I must prefix this review with a piece of advice. If you have not already heard +Barry Blatt, the author of England Upturn’d, speak then you should do so first. He’s got a fantastic accent which, once heard, it becomes impossible to not hear it when you’re reading this book which in turn adds a whole new dimension.
England Upturn’d is a LotFP published adventure set during the civil war in England, starting on Saturday the 3rd of May 1642. It’s rare that an adventure opens up with telling you an exact date to set this in but then again this isn’t an ordinary run of the mill adventure – this is an adventure steeped in real life history, with some Lamentations artistic license taken here and there. When I first received my copy I was surprised at how thick the book was: 132 pages to go by the PDF count. I had a quick flick through and was impressed at how much was there (that and the delightful artwork that reminds me of +Kelvin Green‘s ‘Forgive Us‘).
The important part to realise however is this isn’t a “memorise a ton of content then spew it over the players” style adventure, the first word that pops into my head is ‘toolkit’. The two main NPCs are explained in detail (down to their schedule) and are fantastically memorable; there’s a lot of tables to generate most things you’ll need (such as intricate rumour tables and random NPC generators), there’s rules explaining dysentery and ague, there’s even a weather table to work out what conditions the characters will be facing over the course of the adventure each day; there’s details on the different outcomes depending on who triumphs – the information you can find in Smeaton’s Victory is fantastic, for example.

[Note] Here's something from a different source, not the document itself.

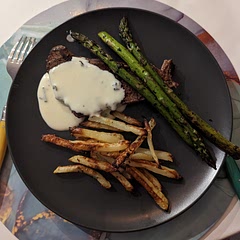 Delicious ! Made this many times now and it's always fabulous!! We always BBQ our steak and typically choose a green that BBQs well so that it's an easy dinner. Homemade fries are always a winner too! Mash or roast potatoes are great alternatives.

This adventure has a major event that will happen, its outcome dependent on how the players get stuck in – even if they do nothing, something is going to happen. There is enough seeds to spring a campaign from this, or set into an existing Civil War campaign should you happen to be running one, but there is enough content in this book that you could use large chunks of it to run any historical adventure. The expanded information on firearms for the period are interesting to read (as well as a d12 table on what could go wrong with them), and the easy-to-comprehend explanations of the different religions and prevalent forces is very useful.
Key Things I Plan to Steal for Other Future Adventures
- Appendix 2 – Reaction and Persuasion: an expanded reaction table when dealing with NPCs.
- Pretty much all the items you can find in the Excavation table
- The rules for Ague and Dysentery
- The NPC generator
I want to run this. The amount of information seems daunting at first but its not information you’re having to memorise and regurgitate, instead its information that will help you understand how everything fits. I don’t think there’s any real requirement for the players to be fans of the era or history buffs because for the most part it boils down to a few key NPCs with different goals – the players don’t need to necessarily understand the bigger picture if they don’t want to.
Presentation is spot on, with the previously mentioned charming artwork inside by +Sarah Richardson and that delightful cover on the front by +Jason Rainville. Most importantly however is that its very easy to read and well edited. I made the comment at the start of this review about being unable to not hear Barry’s voice as I read through – and I stand by that – but its a testament to his writing abilities that he’s able to pass along so much information in detail yet without becoming tedious.
England Upturn’d is something that should be in every serious LotFP GM’s arsenal, and can be bought from the LotFP store for 16.50€ – I definitely recommend springing for the print version of this considering its usefulness at the table.